WHAT YOU WILL DO:
Everything from the first line of the data through the line with "Hi, my name" is to be echoed exactly, minus the pictures.

GIVEN MATERIAL:
• • • •

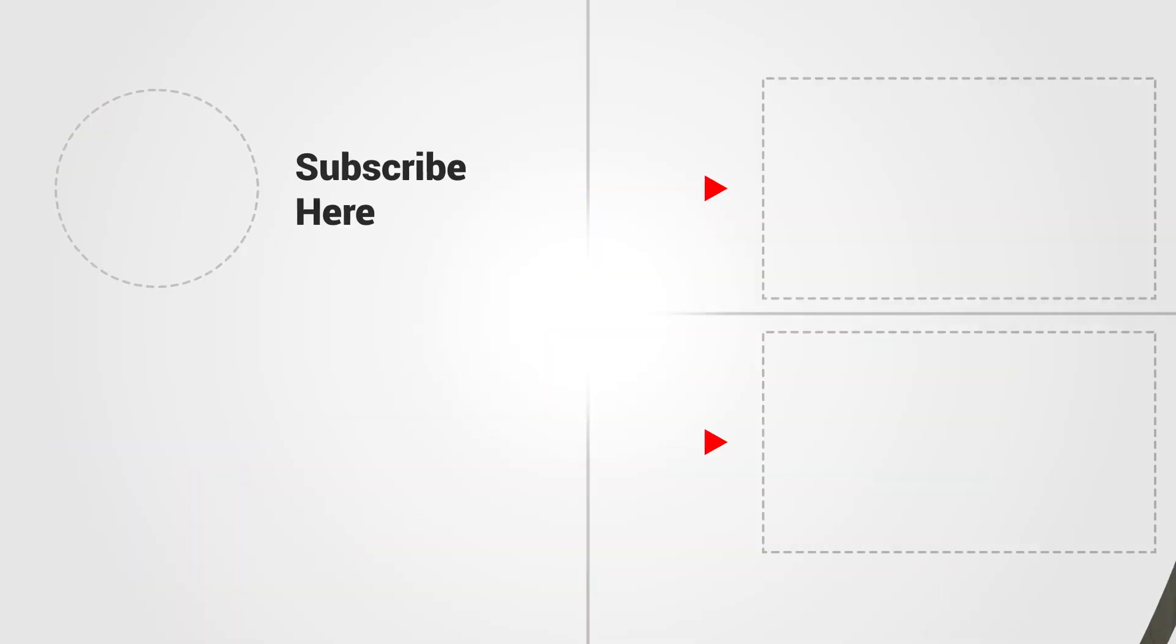So thanks for watching. If you want to read the blog accompanying this video then I'll leave a link to that below as well. If you like the video, give us a thumbs up below. If you're not already, please do consider subscribing to see more stuff like this, and hopefully I'll see you in the next one. See ya!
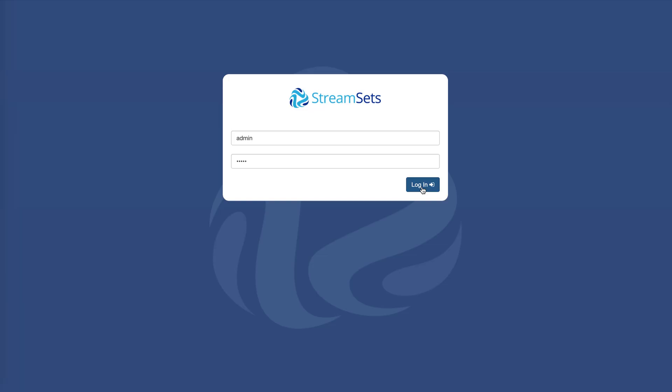Hi, my name is Dash and I'm Platform Evangelist at StreamSets. In this short video I'm going to show you how to design and build a data pipeline in StreamSets Data Collector.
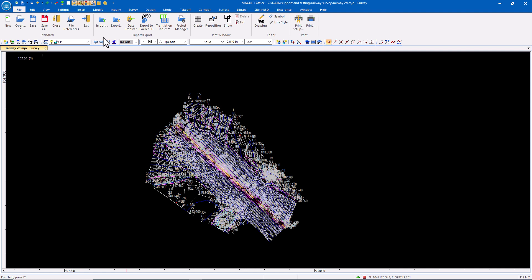So we've managed to use Magnet Field to collect all of our information. We've brought it into Magnet Office. Now we want to not only export data to other formats, but we want to create something to print. We want to create a PDF or actually something to send to our printer or plotter.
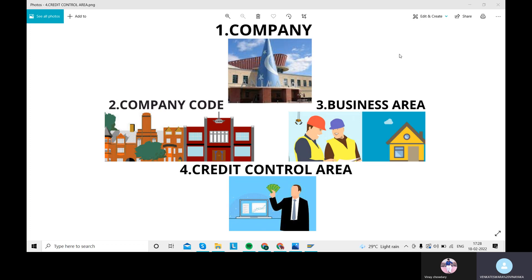Let me give you a basic example. Suppose you have established one company — that is Venki Exports and Imports — in India. For this, you need to have a company code to get proper reports, meaning financial statement analysis for a particular period and year. Suppose you have established this company in India and you want to expand to the US, Canada, and London. You don't need to create a new company; you can just create a company code, and based on that company code we will get the financial statements — profit and loss accounts and balance sheet.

• • • •

REPLY TO THE TASK:
So thanks for watching. If you want to read the blog accompanying this video then I'll leave a link to that below as well. If you like the video, give us a thumbs up below. If you're not already, please do consider subscribing to see more stuff like this, and hopefully I'll see you in the next one. See ya!
Hi, my name is Dash and I'm Platform Evangelist at StreamSets. In this short video I'm going to show you how to design and build a data pipeline in StreamSets Data Collector.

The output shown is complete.